Rabu, 10 Maret 2010

Save By The Bell: After Dulmatin...What Next?


Pasca tewasnya Noordin M. Top - dalam penyergapan di Dukuh Beji, desa Kedu, Kab. Temanggung, Jawa Tengah - berita tentang penyergapan pelaku teroris yang tengah menjadi buronan berbagai negara kembali mencuat. Siapa tokohnya? Dialah Dulmatin, orang yang menurut Kapolri adalah otak dari peristiwa Bom Bunuh diri di Bali (Bom Bali I) tahun 2002.
Dulmatin akhirnya tewas dalam proses penyergapan Densus 88 di sebuah warnet di wilayah Pamulang, Tangerang Selatan.
Sebuah 'prestasi' bagi pihak kepolisian di negeri ini. Namun, jika saja kita sejenak menarik ingatan kita ke belakang (flash back), ternyata seperti ada kesamaan pola, dalam kedua moment penggerebekan teroris. Ya, antara penggerebekan Noordin M. Top dengan Dulmatin.
Pola yang bisa kita lihat adalah waktu (timming) dimana penggerebekan itu dilakukan (baca: terjadi).
Entah sebuah kebetulan atau tidak, tapi keduanya muncul di tengah hiruk pikuk kasus besar.
Dalam catatan kita, penggerebekan Noordin M. Top (September 2009) terjadi di tengah hiruk pikuk kasus Antasari Azhar, 'Cicak vs Buaya' dan Skandal Bail Out Bank Century. Lalu POLRI 'terselamatkan' dengan moment tewasnya Noordin M. Top.
Dan saat ini, POLRI kembali mengukir prestasi dimoment yang boleh dibilang tepat. Disaat polemik Bank Century sedang berada di puncaknya. Apakah ini hanya kebetulan, semacam 'save by the bell' bagi pihak-pihak tertentu? Atau memang semuanya sudah direncanakan sedemikian rupa dan rapih?
Kita tidak tahu. Tapi ada tiga hal yang patut kita pertanyakan terkait 'prestasi' POLRI dalam hal penggerebekan teroris:

1. Mengapa para pelaku teroris tersebut - khususnya yang dianggap sebagai gembong atau tokoh penting - tidak diupayakan untuk ditangkap hidup-hidup? Apakah POLRI tak memiliki penembak jitu (sniper)? Tidakkah dengan tertangkapnya mereka dalam kondisi hidup, akan memudahkan POLRI mengungkap jejaring teroris lainnya yang ada di Indonesia?

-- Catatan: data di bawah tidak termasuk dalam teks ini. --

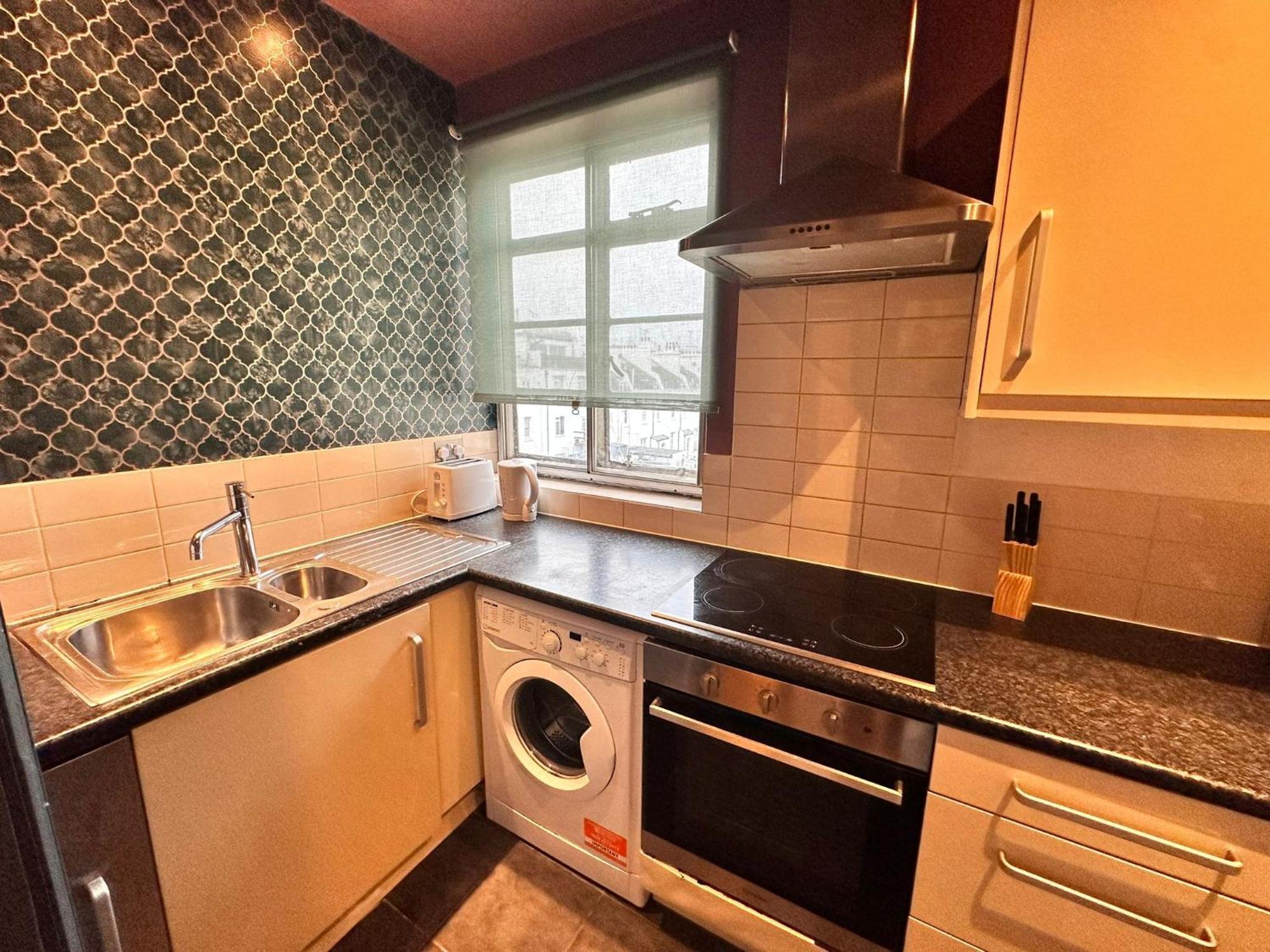 Paddington Station - 2-Bedrooms, 2-Baths And Living Room - Posh Apartment In Central Лондон Экстерьер фото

Terkait dengan pertanyaan di atas...

2. Jika para tokoh penting tersebut disepakati harus ditembak mati, lalu dari mana POLRI meyakini jejaring terorisme yang ada di Indonesia, beserta para kaki-tangannya? Okelah ada badan intelejen, tapi tidakkah itu berarti bahwa POLRI sebenarnya sudah tahu lebih dulu?

Atau...

3. Apakah ini hanya sebuah upaya 'menyelamatkan muka' pemerintah Indonesia di mata dunia, dalam hal ini terkait dengan AS (Obama) dan dialog politik dengan Australia?

Jawabannya: Bisa ya, bisa tidak. Tapi kemungkinan akan keterkaitan dari ketiganya bisa saja mungkin.
Lalu setelah tewasnya Dulmatin, isu apalagi yang akan menyeruak menjadi berita sehari-hari dan akan 'menguasai' telinga dan pikiran masyarakat kita? What next?